━━━━━ Data for review
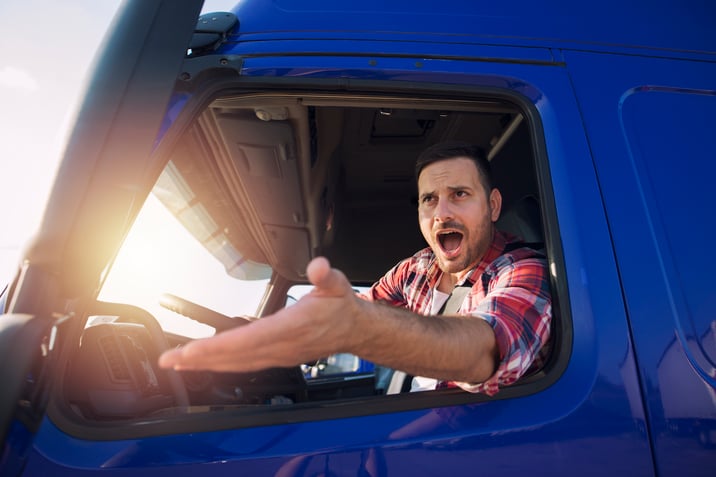 An angry truck driver displaying road rage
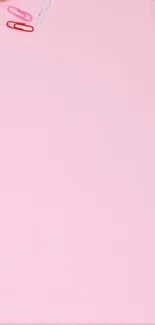 Minimalist pink background with paperclips scattered.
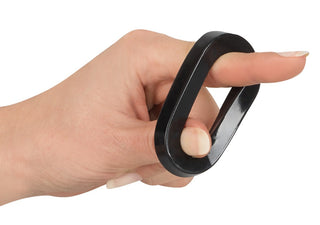 En hand håller försiktigt en svart, oval penisring från Rebel MBS Ball Stretching Kit mot en orörd vit bakgrund.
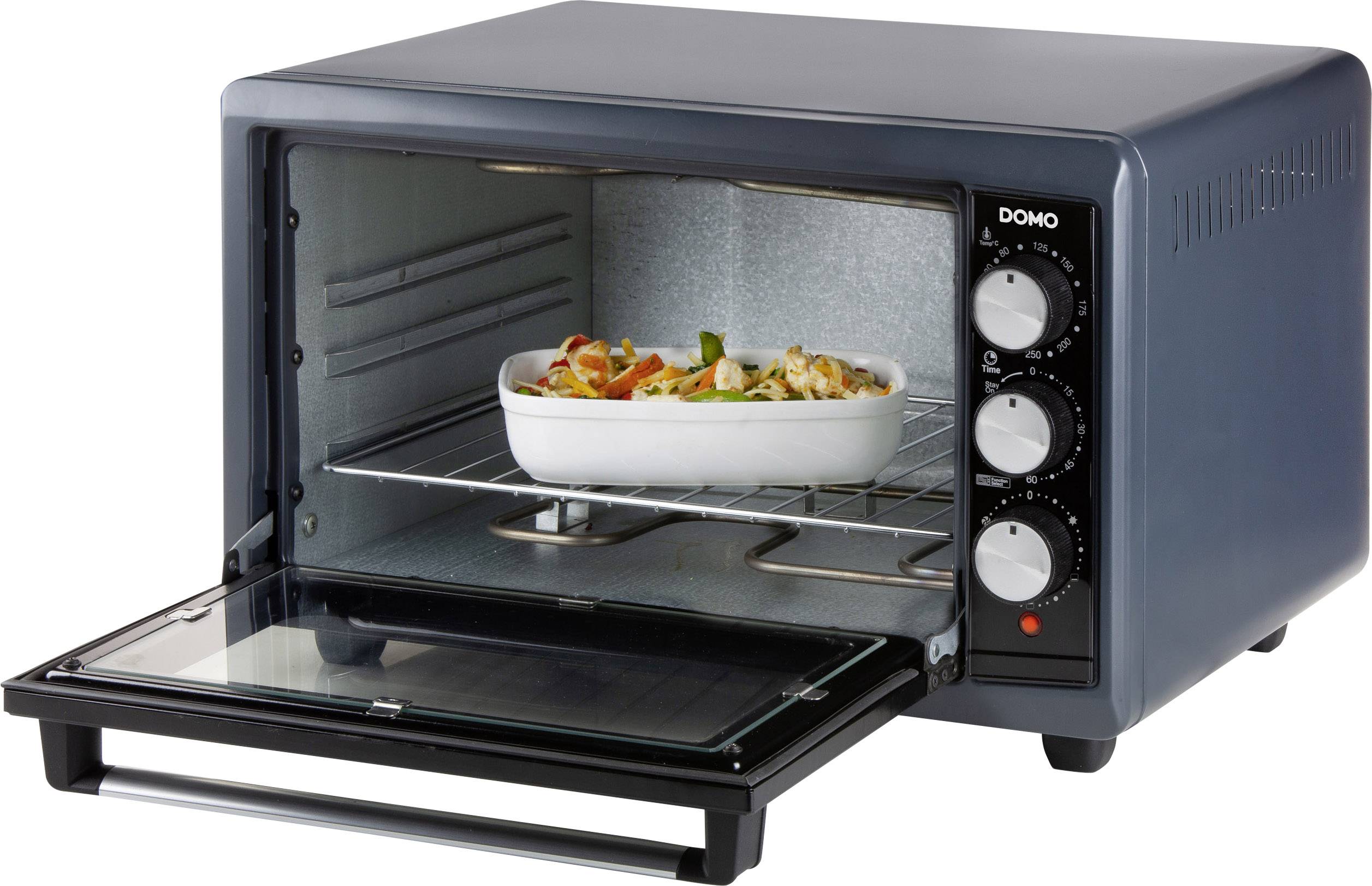 A small, grey table oven with an open door; inside is a casserole dish with a gratinated dish on a rack.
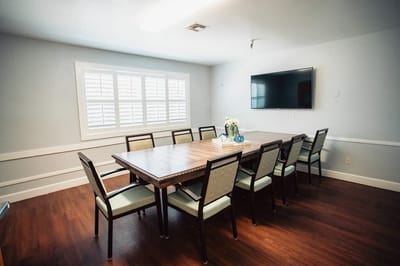 Bright meeting room with large table and chairs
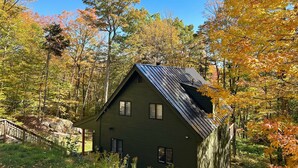 Ein grünes Haus mit geneigtem Dach, umgeben von Bäumen im Herbstlaub.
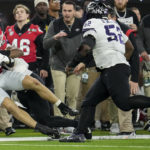 Georgia tight end Brock Bowers (19) is hit by TCU during the second half of the national championship NCAA College Football Playoff game, Monday, Jan. 9, 2023, in Inglewood, Calif. (AP Photo/Marcio Jose Sanchez)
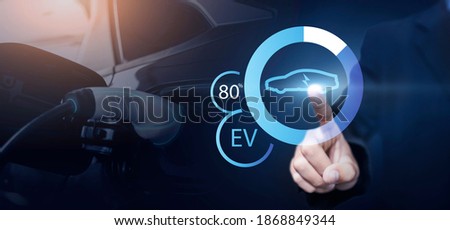 EV hybrid car electric vehicle hologram charging electric charge station powered connected power supply of alternative sustainable eco energy, modern futuristic technology graphics control navigation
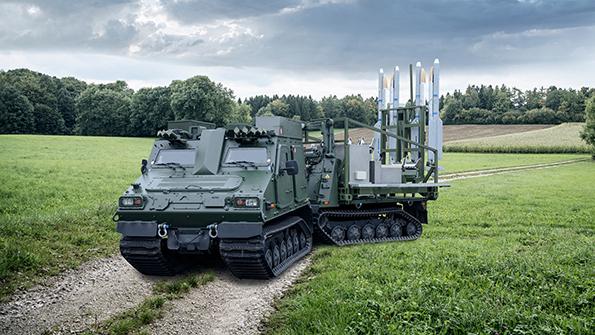 Diehl armored vehicle transporting missiles on grassy field
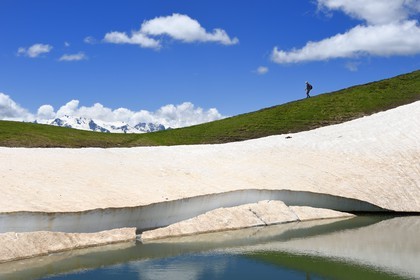 Georgia, Upper Svaneti (Zemo Svaneti), Mestia, hiker on the Koruldi Lake on the foothills of Mount Ushba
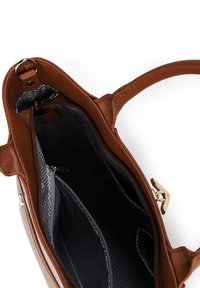 Brown leather handbag with a zippered closure, featuring an interior zip pocket and lined with dark fabric displaying a wavy pattern.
━━━━━━━━━━
_What you will do:_
Restate word for word, and only, the lines from the line that contains "EV hybrid car" through the end of the data, both included; pictures are not part of the copy.

_Response to this task:_
 EV hybrid car electric vehicle hologram charging electric charge station powered connected power supply of alternative sustainable eco energy, modern futuristic technology graphics control navigation
 Diehl armored vehicle transporting missiles on grassy field
 Georgia, Upper Svaneti (Zemo Svaneti), Mestia, hiker on the Koruldi Lake on the foothills of Mount Ushba
 Brown leather handbag with a zippered closure, featuring an interior zip pocket and lined with dark fabric displaying a wavy pattern.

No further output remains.